Es indudable que antiguamente el elemento Indígena constituía una parte importante en esos bailes, pero ello ha ido disminuyendo a medida que ha avanzado la transculturación por la cultura occidental. Hoy día sólo los bailes de los llameros (y llameras) tienen tal carácter. Mineros propiamente tales ya casi no existen, y los trajes típicos que antes los caracterizaban, han desaparecido. Los obreros de las salitreras ya no usan tales trajes, y en Tarapacá funciona actualmente una sola salitrera, la de Victoria. Hay, sin embargo, numerosas compañías de danzantes formadas por obreros de esa salitrera, que han inventado nuevos trajes, ideados por su fantasía. Los morenos siguen formando cofradías, a pesar de no existir ya elementos raciales negros en la región (los participantes se pintan a veces las caras para simular negros). Los principales participantes provienen actualmente de las ciudades, sobre todo de Iquique, donde ya no se usan trajes como antes. Sus modelos han sido tomados de los chinos, de los huasos chilenos de la región central del país e incluso de los indígenas norteamericanos (copiando el atavío de las películas).
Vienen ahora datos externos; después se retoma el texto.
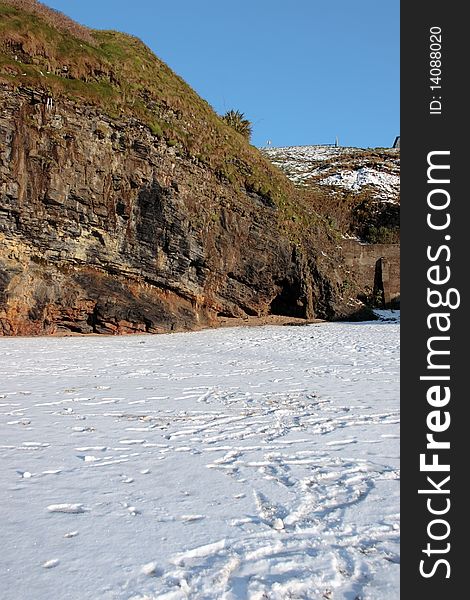 Empty rocky beach cliffs on a cold winters day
Cada una de las compañías tiene una imagen da la Virgen del Carmen, con gran bandera nacional, y su propia banda instrumental.

La impresión que dejan las representaciones de unas 80 compañías que suelen bailar simultáneamente, es muy viva, sobre todo las nocturnas, que suelen durar hasta la medianoche. Pablo Garrido las describe así: "Es fiesta de color y alborozo ver los bailes desfilar en procesión, pero es la noche la que da mayor relieve a sus ritmos. Cohetes, petardos, fuegos de artificio se unen al bullicio de miles de romeros entregados a sus cánticos y a sus danzas. Fogatas inmensas en las cuatro esquinas de la plaza agregan hechizo a la escena. Pero es el ritmo obstinado lo que domina la escena. Cien tambores y bombos palpitando a su libre albedrío, señalan a cada baile, a cada agrupación, su personal e inmutable ritmo. Suenan pífanos, flautas o pusas, pero domina el ritmo: ese ritmo de la eternidad, que gobierna astros, distribuyen el día y la noche y que limita la vida y la muerte.

"¡Cómo fascina el ritmo de estos bailes! Crecen desde el fondo de la tierra y esparcen sus ramas y follajes tremolantes con acento de leyes ceñidas y fatales. Hay también arrobamiento y seducción en ellos. Hay el llamado interior de lo desconocido. Cada nuevo golpe del tambor es evocación que florece."

"Avanza el ritual, avanza la noche. El ritmo se hace más intenso. La devoción llega al paroxismo. Todo baila en derredor nuestro. Los mismos cimientos de la vetusta iglesia parecen vibrar en fervor. Se filtra el ritmo por la epidermis. Enmudecen hombres y mujeres. No caben idiomas en estos instantes de comunión con el infinito. El fervor rítmico traspasa los umbrales de lo humano. Estamos frente a frente a lo divino".